▸ Dataset extract:
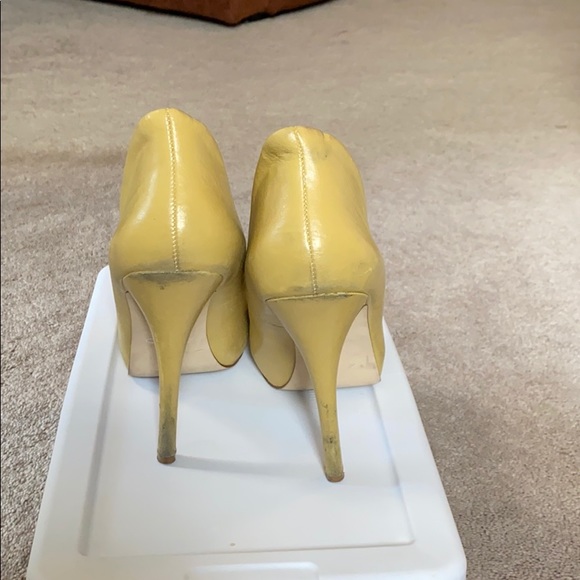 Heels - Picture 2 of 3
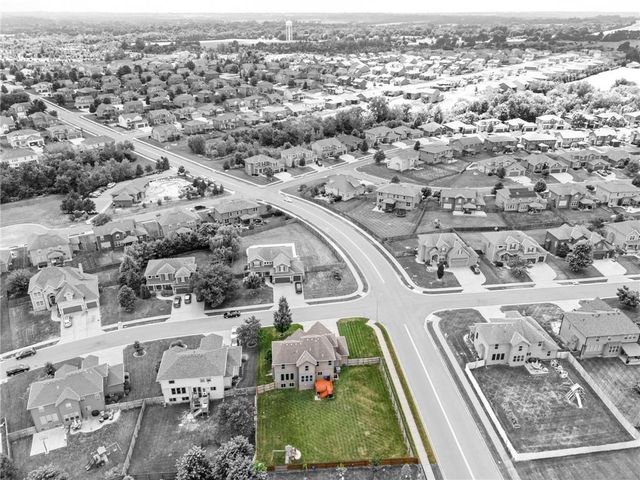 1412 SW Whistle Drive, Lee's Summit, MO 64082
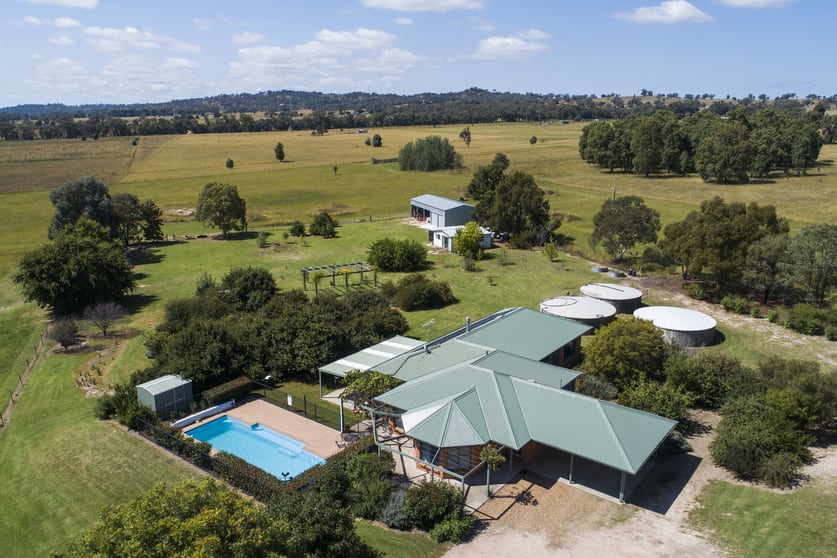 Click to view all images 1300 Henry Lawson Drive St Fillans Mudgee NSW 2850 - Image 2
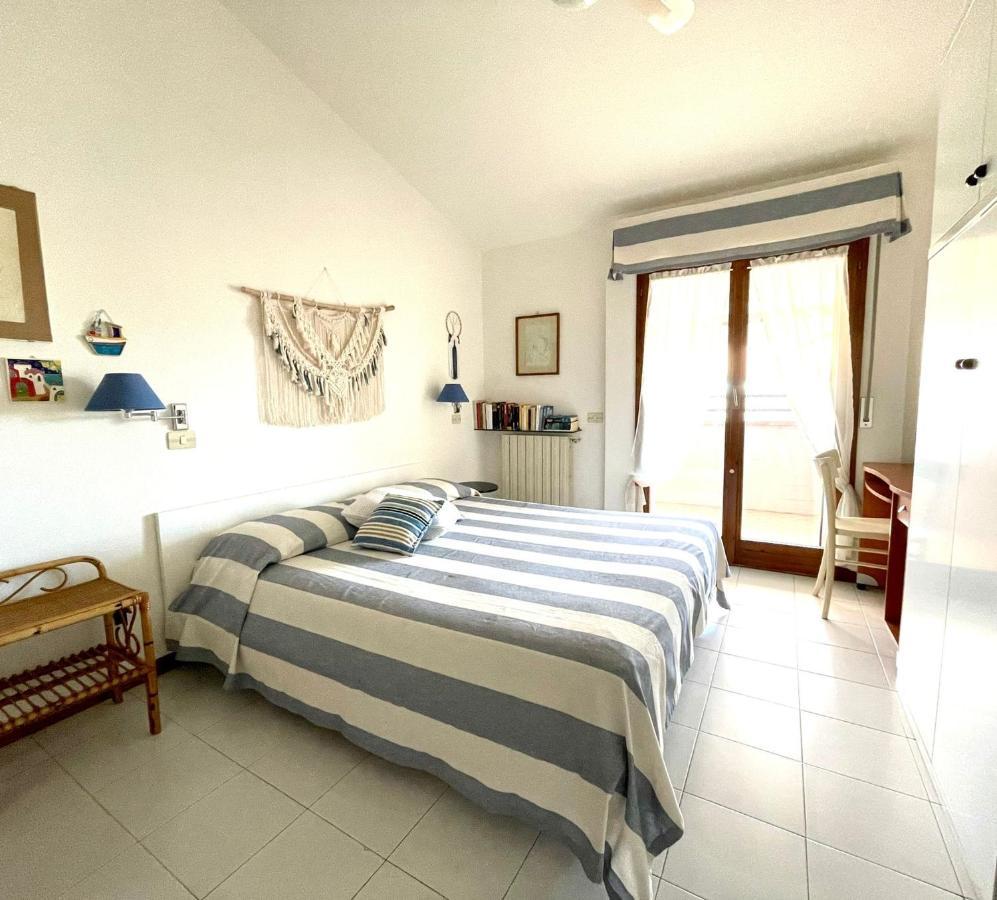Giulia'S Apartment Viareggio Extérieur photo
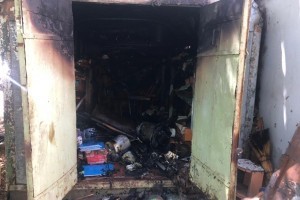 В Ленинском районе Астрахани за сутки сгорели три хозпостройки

▸ Assigned task: Write the lines from the one containing "1412 SW Whistle" through the end of the data above exactly as they appear, and do not carry over any picture.

▸ Expected answer:
 1412 SW Whistle Drive, Lee's Summit, MO 64082
 Click to view all images 1300 Henry Lawson Drive St Fillans Mudgee NSW 2850 - Image 2
Giulia'S Apartment Viareggio Extérieur photo
 В Ленинском районе Астрахани за сутки сгорели три хозпостройки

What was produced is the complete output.